Advanced Cell Interconnect Structure for Improving Battery Performance While Maximizing Cost Efficiency

The battery pack is the most vital element of any electric vehicle (EV). It is through this that the electricity needed by the drivetrain is supplied. The battery also represents the most expensive part of an EV - having a major influence on its overall bill-of-materials (BoM) costs. Ensuring that it delivers prolonged operation is therefore essential. The following article will look at the role that interconnects are going to play in extending the battery pack lifespan.

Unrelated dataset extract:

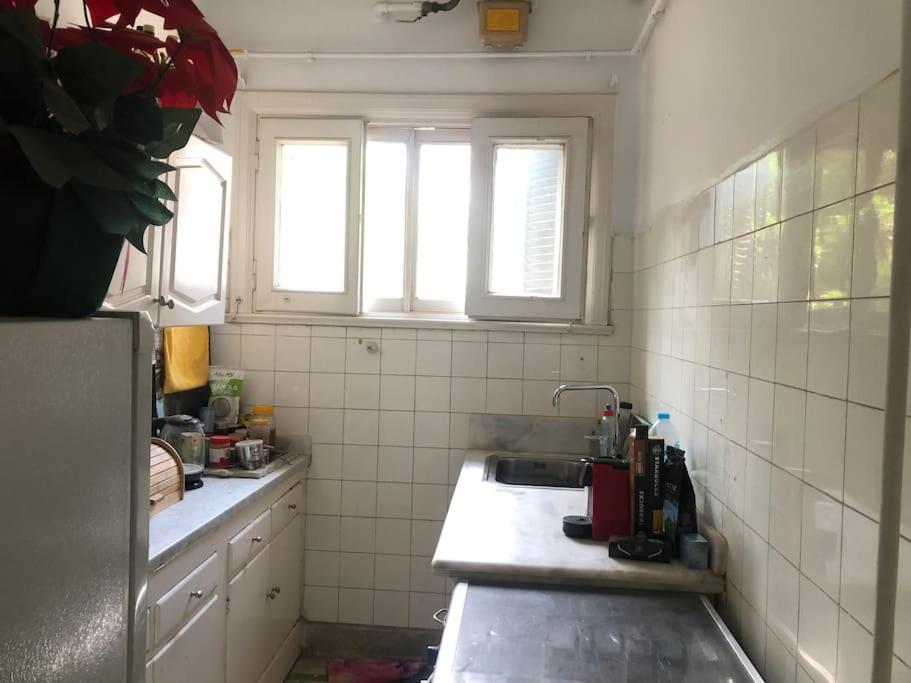 Spacious downtown Nile apartment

There are several key objectives that automotive manufacturers need to address when developing EV models. In order of priority these are:

1.      Keeping the BoM costs down. Currently EVs are significantly more expensive than internal combustion engine (ICE) vehicles of an equivalent class, and this is still proving problematic for a large proportion of the car buying public. If automotive manufacturers are going to minimize the effects of this pricing discrepancy, then substantial effort is needed to make both production and raw material cost savings wherever possible.   

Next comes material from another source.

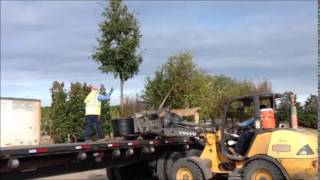 Loading Crew at Cherry Lake Tree Farm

2.      Stretching the distance that their vehicles can travel before needing to be recharged - so as to allay car buyers’ “range anxiety” concerns that they might run out of battery power before being able to get to somewhere with a charging point. The range that an EV is able to attain will be determined by both the energy storage capacity of the battery pack and the weight of the vehicle. A vehicle model that has a larger, higher density battery pack, alongside a more lightweight construction, will have clear advantages. These attributes are going to help lengthen the range supported, offer greater convenience for users (by not having to charge up their vehicles so regularly) and heighten the EV’s market appeal.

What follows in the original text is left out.